- _ACTIVITY_: Make the copy match the entries below exactly, with no pictures carried over.

::::::

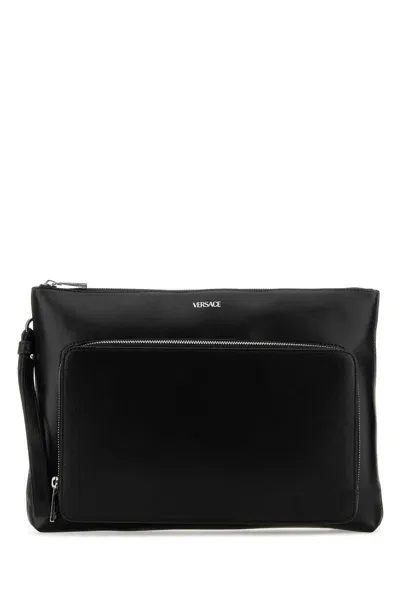 Versace Black Leather Large Cargo Clutch In Bpblackpalladium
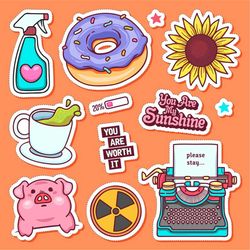 doodle stickers svg bundle hand drawn pig sunflower donut clipart cut files for cricut digital download silhouette vecto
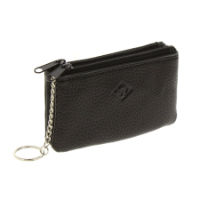 PORTE MONNAIE CUIR DOUBLE COMPARTIMENTS A ZIP PORTE CLES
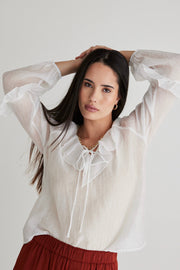 AMONG THE BRAVE DAILY SHEER TEXTURE FRILL FRONT TOP - IVORY - WILD ROSE
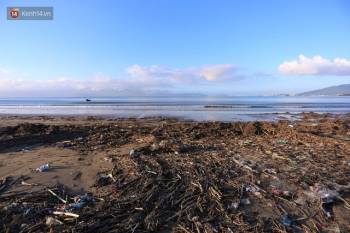 Chùm ảnh: 3.000 tấn rác dạt vào bãi biển Đà Nẵng sau bão số 13 - Ảnh 2.
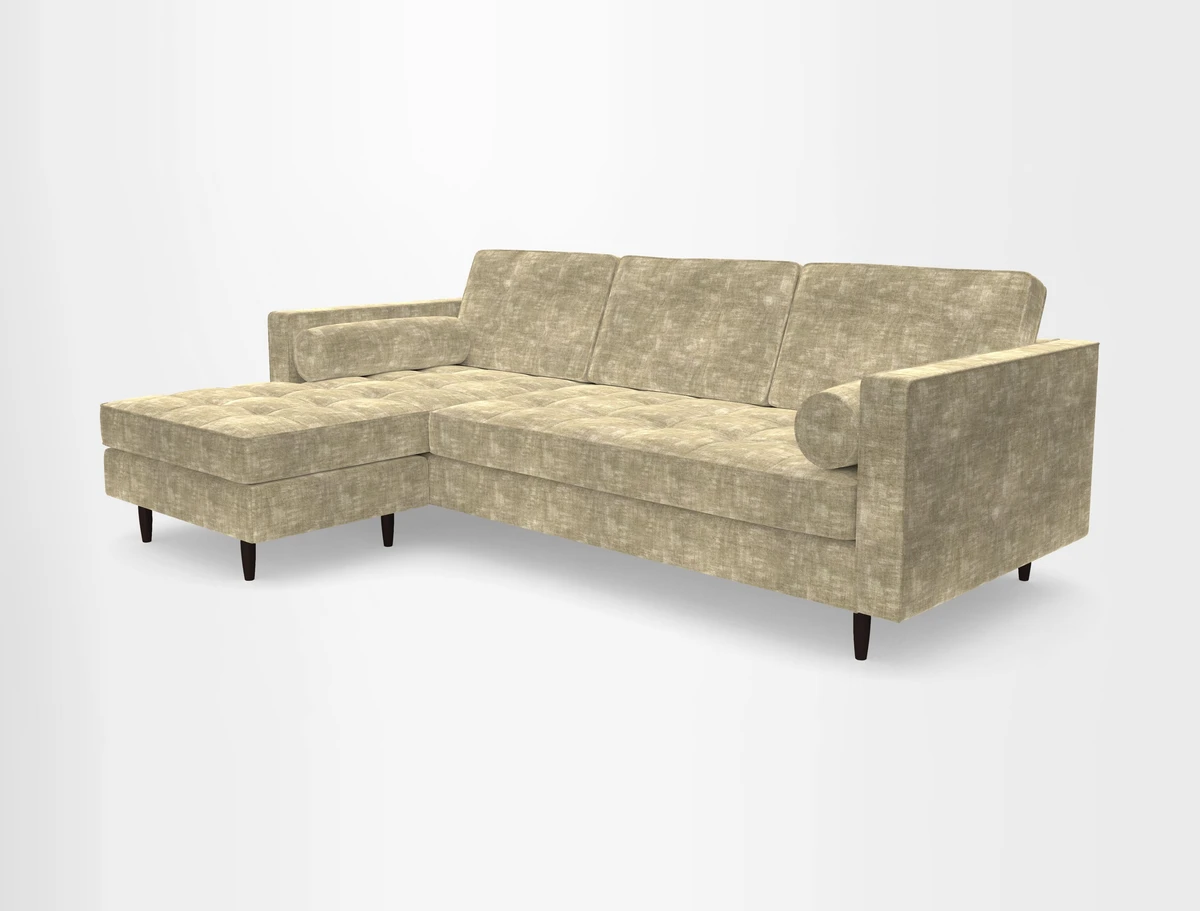 Marylebone RHF Corner Unit in Clever Tough And Eco Velvet Chrome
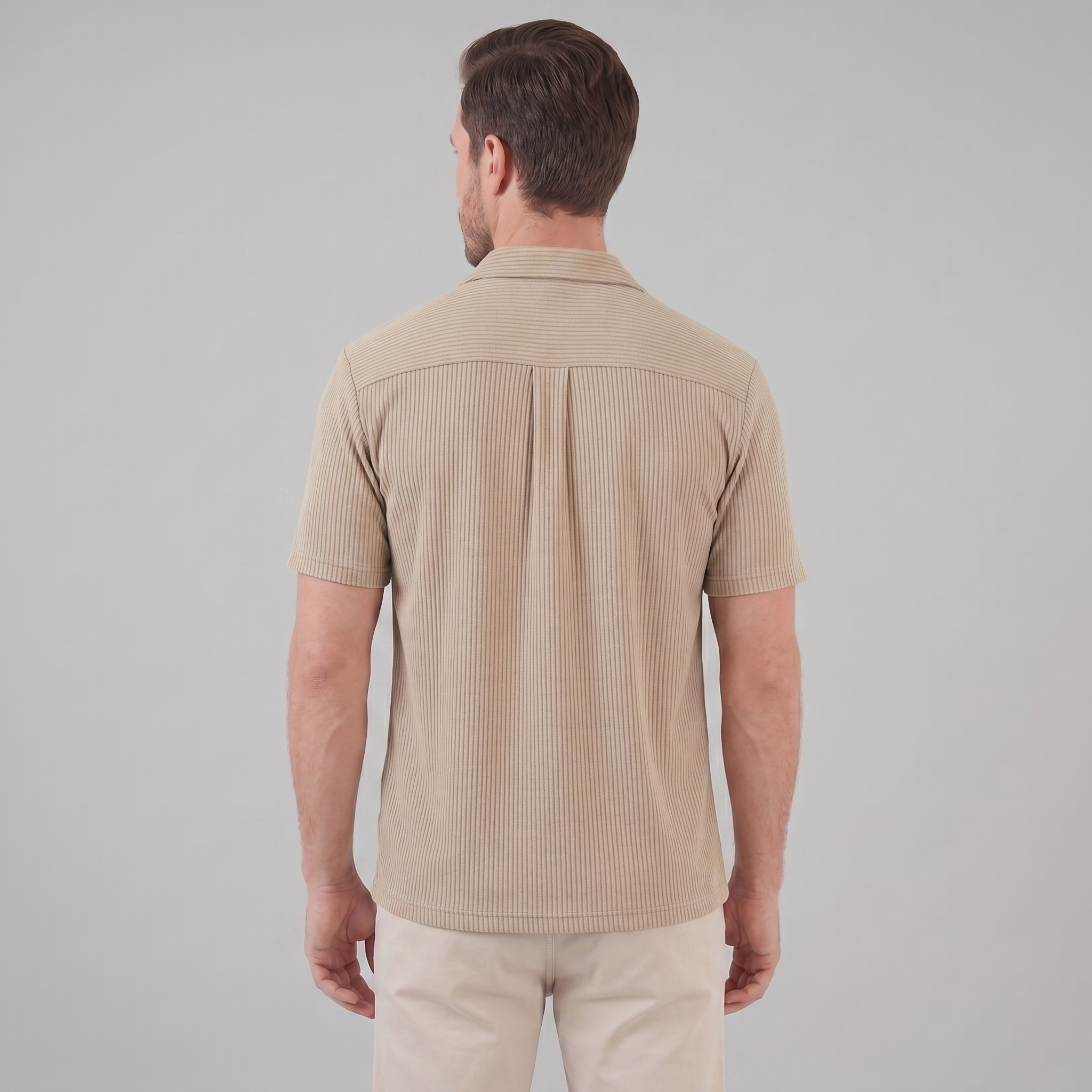 Herren Gerippter Cuban Kragen Hemd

::::::

- _REPLY TO THE EXERCISE_:
 Versace Black Leather Large Cargo Clutch In Bpblackpalladium
 doodle stickers svg bundle hand drawn pig sunflower donut clipart cut files for cricut digital download silhouette vecto
 PORTE MONNAIE CUIR DOUBLE COMPARTIMENTS A ZIP PORTE CLES
 AMONG THE BRAVE DAILY SHEER TEXTURE FRILL FRONT TOP - IVORY - WILD ROSE
 Chùm ảnh: 3.000 tấn rác dạt vào bãi biển Đà Nẵng sau bão số 13 - Ảnh 2.
 Marylebone RHF Corner Unit in Clever Tough And Eco Velvet Chrome
 Herren Gerippter Cuban Kragen Hemd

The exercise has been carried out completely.